# Components:
→ Oats Mixture
01 - 1 cup rolled oats (gluten-free if needed)
02 - 1 1/4 cups milk of choice (dairy or plant-based)
03 - 1/2 cup plain yogurt (dairy or non-dairy)
04 - 2 tablespoons chia seeds
05 - 1 tablespoon maple syrup or honey
06 - 1/2 teaspoon vanilla extract
07 - Pinch of salt
→ Toppings
08 - 1 ripe persimmon, peeled and sliced
09 - 1/2 cup pomegranate seeds
10 - 2 tablespoons chopped walnuts or pecans (optional)
11 - Additional maple syrup or honey, to drizzle
# Directions:
01 - In a medium bowl or jar, stir together oats, milk, yogurt, chia seeds, maple syrup, vanilla extract, and salt until fully combined.

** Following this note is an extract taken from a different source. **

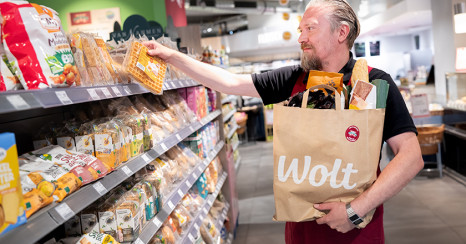 SuperBioMarkt startet Bio-Lieferservice mit Wolt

02 - Cover and refrigerate the mixture for at least 8 hours or overnight to allow oats and chia seeds to absorb liquid and thicken.
03 - In the morning, stir the mixture and add a splash of milk if a creamier texture is desired.
04 - Divide the oat mixture evenly between two bowls or jars. Top each with sliced persimmon, pomegranate seeds, and optional nuts.
05 - Drizzle with additional maple syrup or honey if desired and serve chilled.